Opinia biegłych dotarła do krakowskiego Instytutu Pamięci Narodowej pod koniec stycznia. Przeprowadzono ją w ramach toczącego się w IPN śledztwa w sprawie śmierci Pyjasa.
Kolejne pytania i badania
Wskazówką, iż opinia może zawierać takie zaskakujące wnioski, jest fakt, że po jej analizie IPN postanowił zadać biegłym kolejne 23 pytania i uzyskać uzupełniającą opinię toksykologiczną - wskazuje PAP.
Przed rozpoczęciem badań biegli mieli odpowiedzieć na 22 pytania.
Wątpliwości rodziny
Swoje wątpliwości m.in. do wniosków, zawartych w opinii, zgłosiła także część rodziny Stanisława Pyjasa. Jak poinformowała siostrzenica Pyjasa - Miriam Agnieszka Przybysz, w ekspertyzie "m.in. pominięto trzy metalicznie zabarwione wgłębienia wewnątrz czaszki", wątpliwości budzą też niektóre wnioski końcowe. W związku z tym jej matka, siostra Pyjasa Alicja Przybysz, która ma status pokrzywdzonej, zdecydowała o przekazaniu opinii biegłych do Prokuratury Okręgowej w Krakowie - jako dowodu w śledztwie dotyczącym zacierania śladów przestępstwa i utrudniania postępowania IPN.
Śledztwo takie, z zawiadomienia Agnieszki Przybysz o rzekomym "zaginięciu dwóch kulistych przedmiotów, znalezionych podczas ekshumacji w miejscu, gdzie był mózg, oraz pominięciu w protokole ze szczegółowych oględzin szczątków w Zakładzie Medycyny Sądowej we Wrocławiu metalicznie zabarwionych śladów wewnątrz czaszki", od lipca ub. roku prowadzi krakowska prokuratura.
"Wypadek spowodowany przez siebie samego"
Ciało Stanisława Pyjasa znaleziono 7 maja 1977 r. w bramie kamienicy przy ul. Szewskiej w Krakowie. Prokuratura umorzyła wówczas śledztwo, uznając, iż zebrany materiał dowodowy "prowadzi do wniosku, że wyłączną przyczyną śmierci Stanisława Pyjasa był nieszczęśliwy wypadek spowodowany przez niego samego".
Prokuratura stwierdziła, że w obliczu "poważnego stanu nietrzeźwości" student potknął się o nierówności posadzki. To spowodowało nieamortyzowany rękami upadek, utratę przytomności, obrażenia i krwotok, w wyniku którego nastąpiło zachłyśnięcie się i uduszenie.
"Niewiarygodna wersja"
Dla przyjaciół i znajomych Pyjasa ta wersja okoliczności jego śmierci była od początku niewiarygodna. Wiedzieli, że interesowała się nim bezpieka. Śledztwo wznowiono w 1991 r., a potem jeszcze kilkakrotnie podejmowano i umarzano z powodu niemożności wykrycia sprawców.

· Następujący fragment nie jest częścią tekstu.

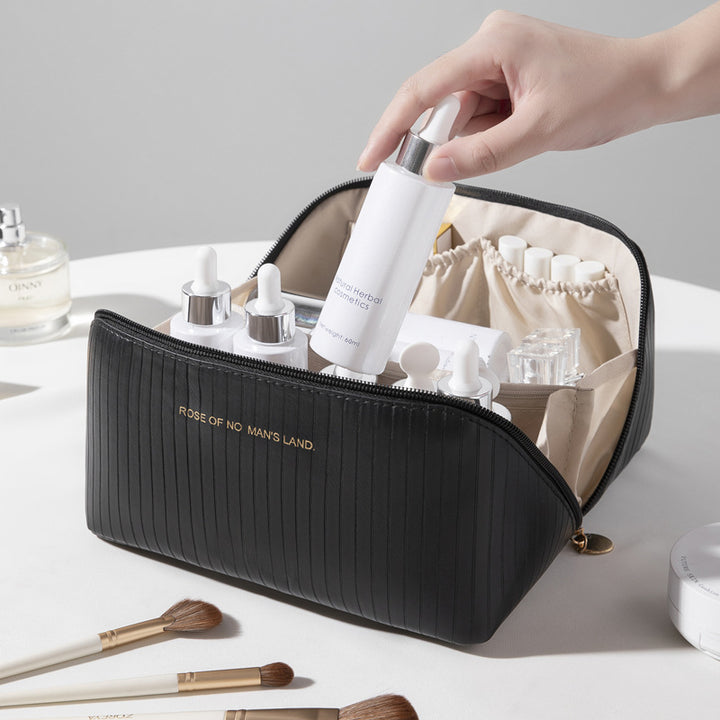 Stylish Cosmetic Storage Case Stornfield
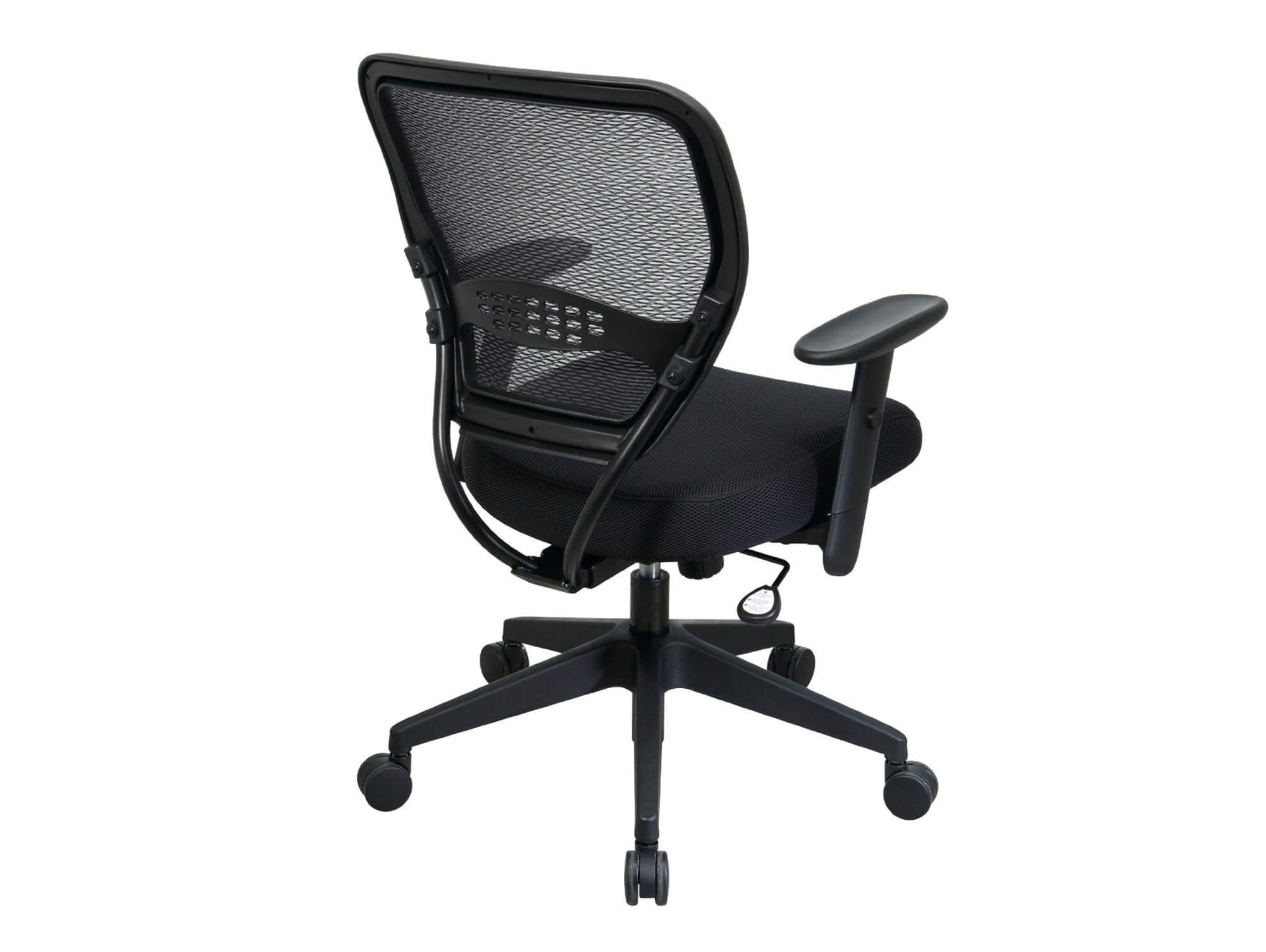 Best ergonomic chairs back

Według ustaleń, Stanisław Pyjas został śmiertelnie pobity.
Piąte śledztwo ws. Pyjasa
Obecnie sprawę bada krakowski IPN. Jest to już piąte śledztwo ws. śmierci Pyjasa. Krakowski IPN przejął je formalnie 21 maja 2008 roku w związku z pojawieniem się nowych dokumentów. W ramach tego śledztwa 20 kwietnia 2010 r. odbyła się ekshumacja szczątków Stanisława Pyjasa. Po oględzinach w krakowskim Zakładzie Medycyny Sądowej przewieziono je do ZMS we Wrocławiu. Po zbadaniu szczątków w czerwcu ubiegłego roku odbył się ponowny pochówek.